• Task details:
The answer must be an exact copy of the lines from the one with "TOYOTA HILUX 3.0" through the final line of the records below, with no pictures.
_ _ _ _ _
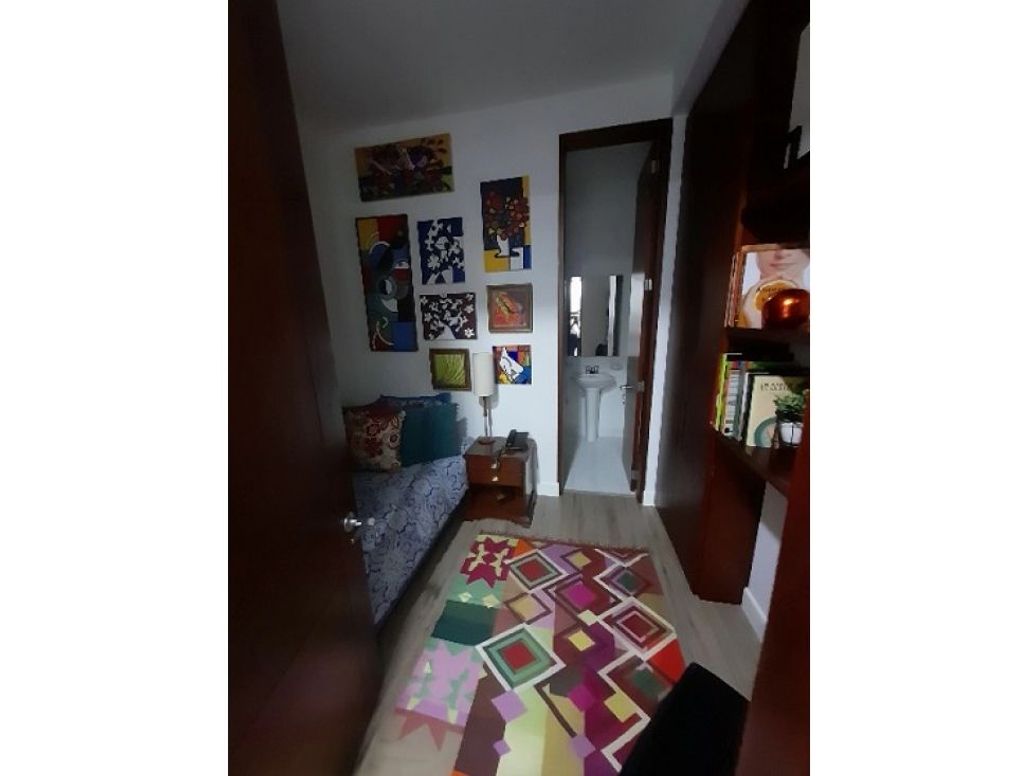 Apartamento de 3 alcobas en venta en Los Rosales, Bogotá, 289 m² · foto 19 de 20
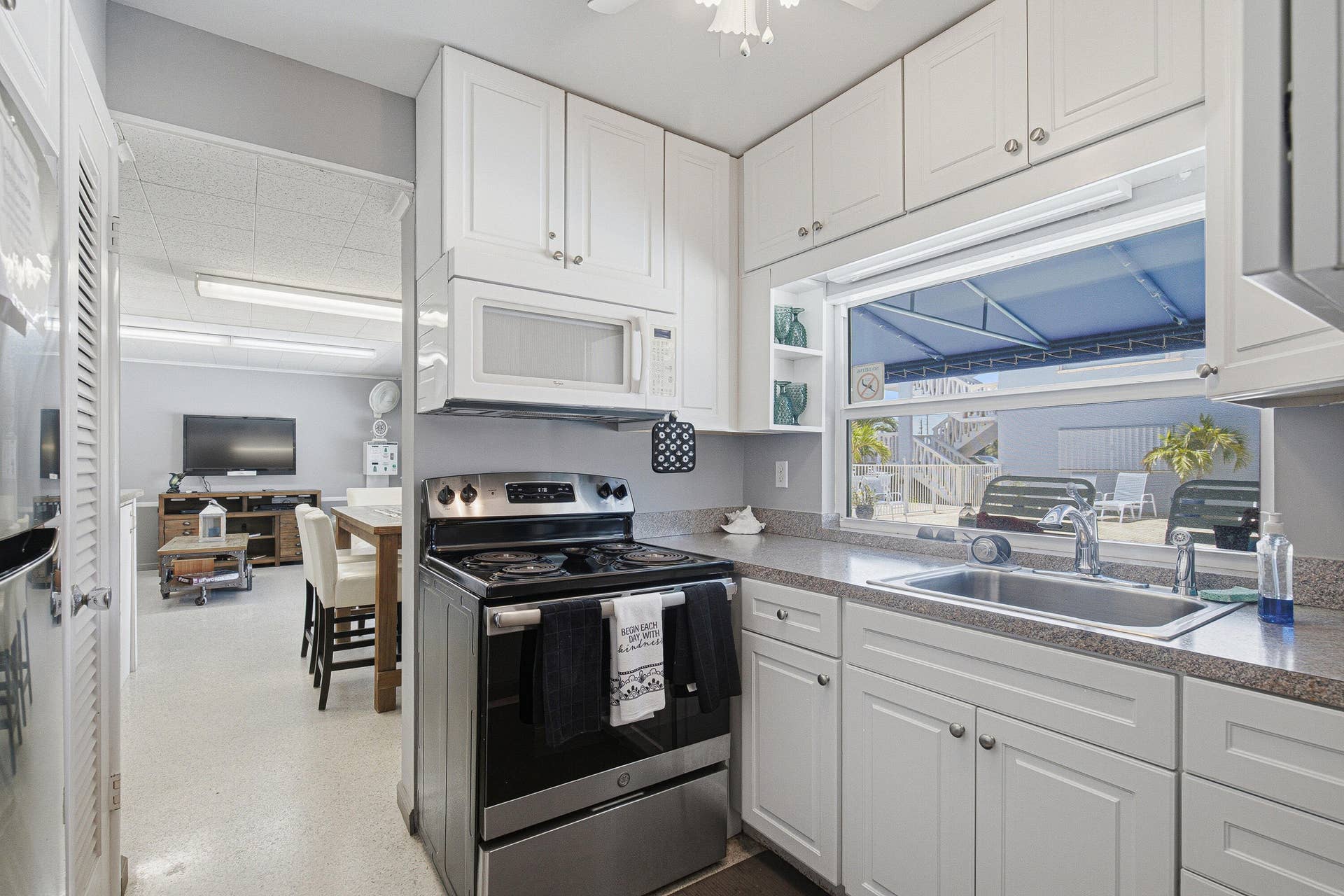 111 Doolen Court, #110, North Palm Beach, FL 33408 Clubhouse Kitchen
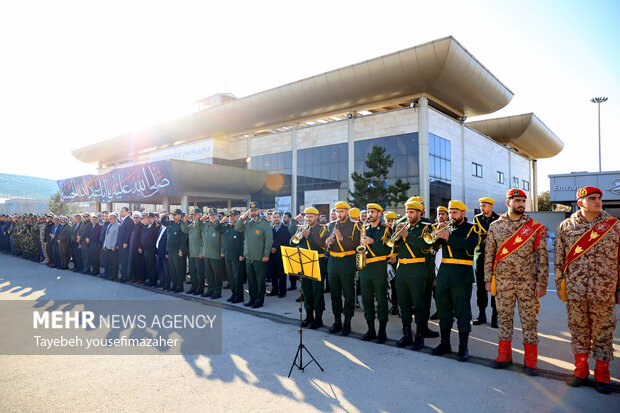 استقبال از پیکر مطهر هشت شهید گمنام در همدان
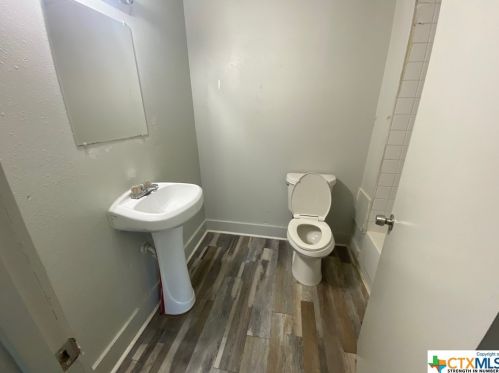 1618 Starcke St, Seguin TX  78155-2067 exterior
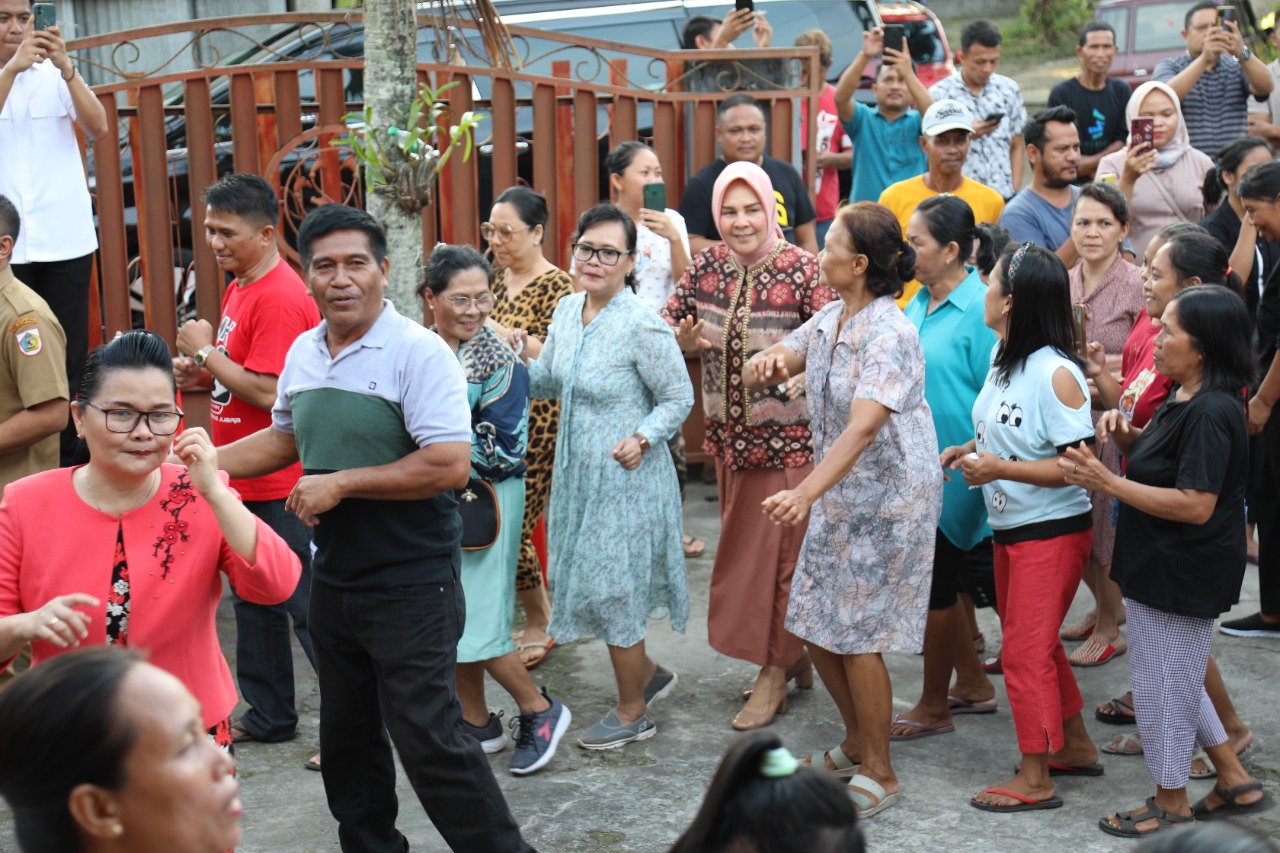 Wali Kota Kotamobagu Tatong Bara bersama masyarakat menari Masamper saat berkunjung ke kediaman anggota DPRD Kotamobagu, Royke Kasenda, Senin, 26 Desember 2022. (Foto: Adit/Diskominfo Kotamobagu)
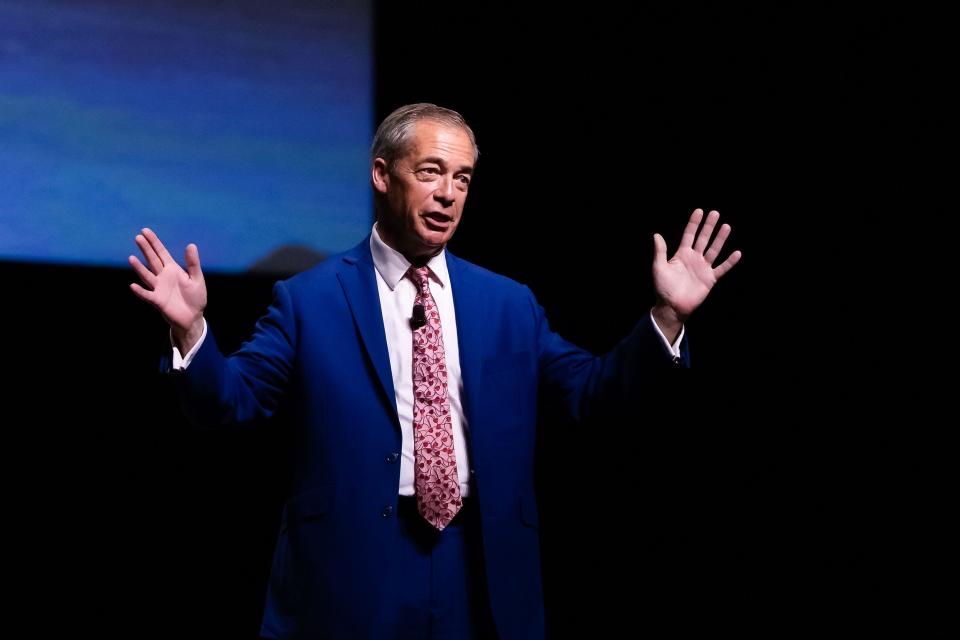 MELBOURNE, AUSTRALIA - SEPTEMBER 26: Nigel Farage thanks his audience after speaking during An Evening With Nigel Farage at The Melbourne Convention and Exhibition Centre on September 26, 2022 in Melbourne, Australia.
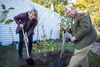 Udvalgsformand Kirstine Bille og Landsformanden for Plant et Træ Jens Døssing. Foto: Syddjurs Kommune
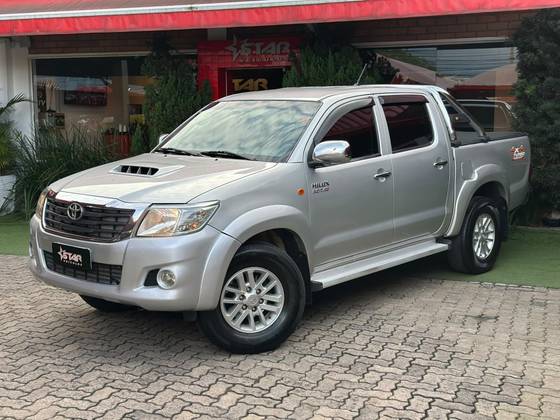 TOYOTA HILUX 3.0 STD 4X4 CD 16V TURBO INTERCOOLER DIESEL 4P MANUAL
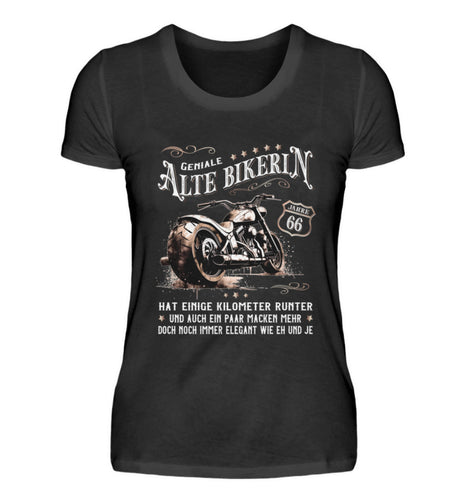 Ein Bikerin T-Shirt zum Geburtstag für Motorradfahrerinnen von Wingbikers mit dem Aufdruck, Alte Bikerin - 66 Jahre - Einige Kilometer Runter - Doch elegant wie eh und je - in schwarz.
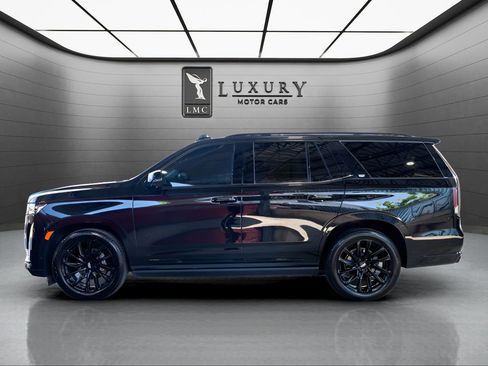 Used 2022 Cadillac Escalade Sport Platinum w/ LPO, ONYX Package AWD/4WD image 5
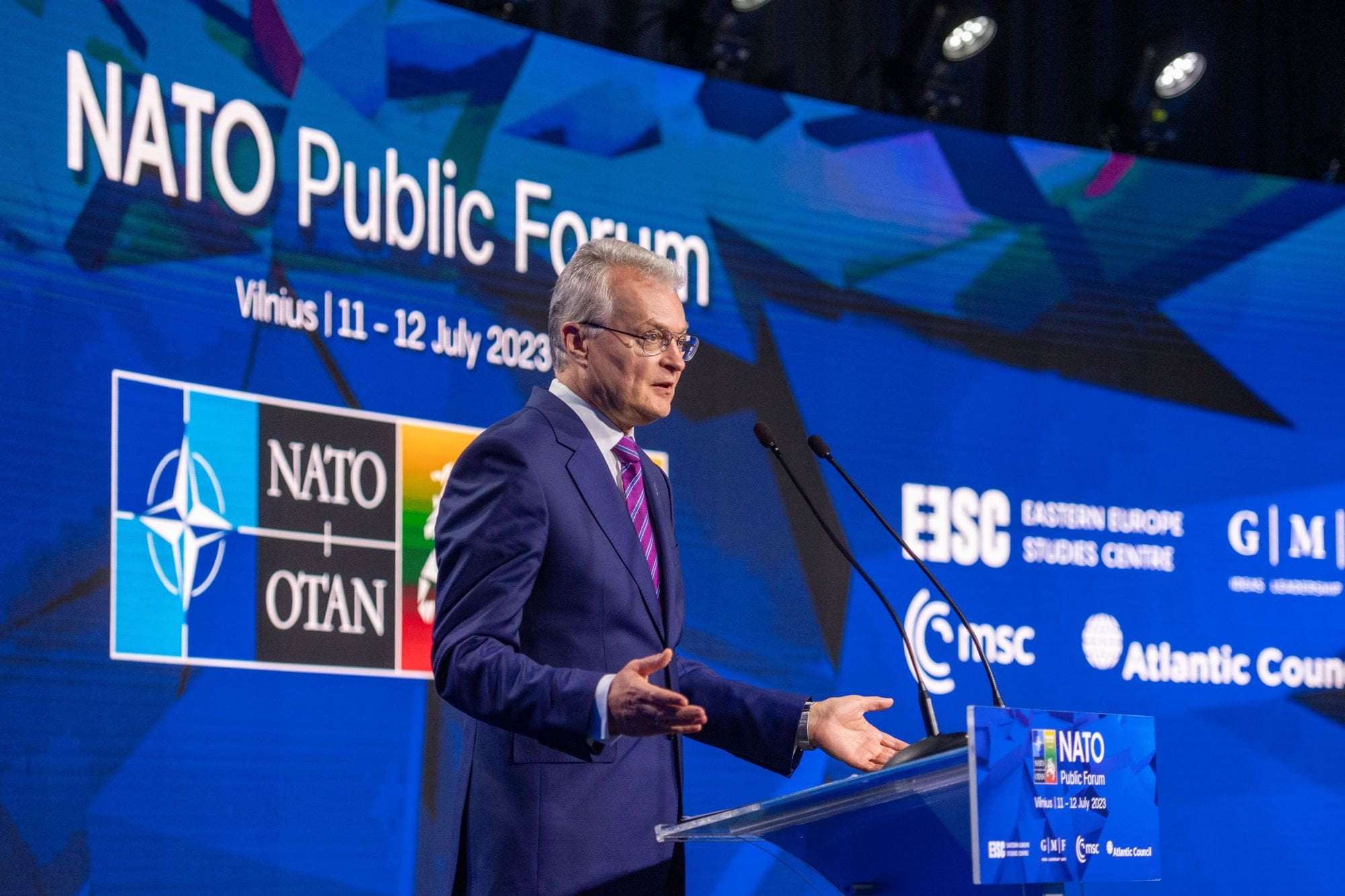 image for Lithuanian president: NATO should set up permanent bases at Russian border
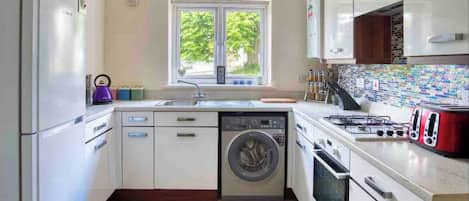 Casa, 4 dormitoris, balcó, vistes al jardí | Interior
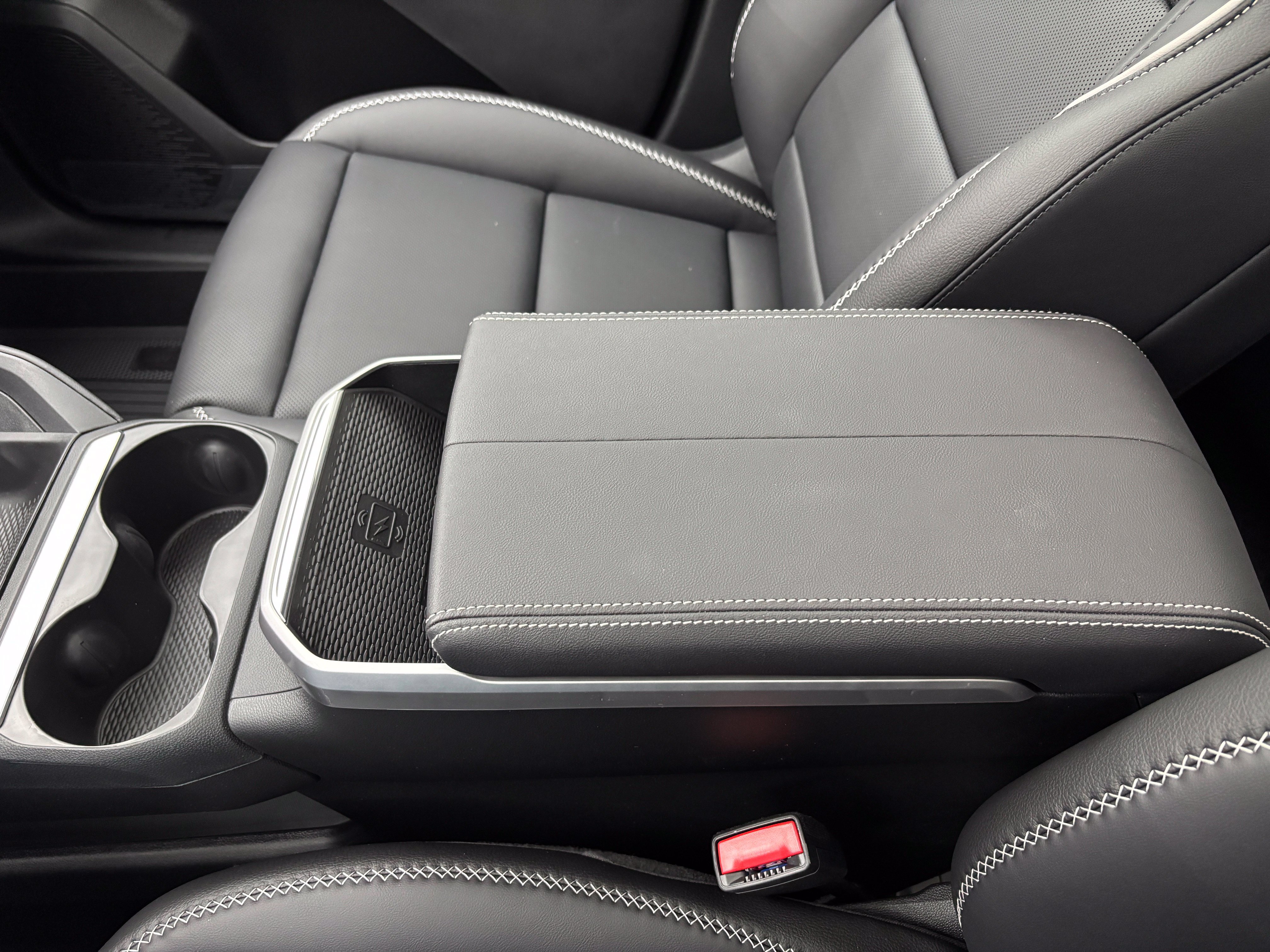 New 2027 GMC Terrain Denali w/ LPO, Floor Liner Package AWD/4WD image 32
_ _ _ _ _
• Task solution:
 TOYOTA HILUX 3.0 STD 4X4 CD 16V TURBO INTERCOOLER DIESEL 4P MANUAL
 Ein Bikerin T-Shirt zum Geburtstag für Motorradfahrerinnen von Wingbikers mit dem Aufdruck, Alte Bikerin - 66 Jahre - Einige Kilometer Runter - Doch elegant wie eh und je - in schwarz.
 Used 2022 Cadillac Escalade Sport Platinum w/ LPO, ONYX Package AWD/4WD image 5
 image for Lithuanian president: NATO should set up permanent bases at Russian border
 Casa, 4 dormitoris, balcó, vistes al jardí | Interior
 New 2027 GMC Terrain Denali w/ LPO, Floor Liner Package AWD/4WD image 32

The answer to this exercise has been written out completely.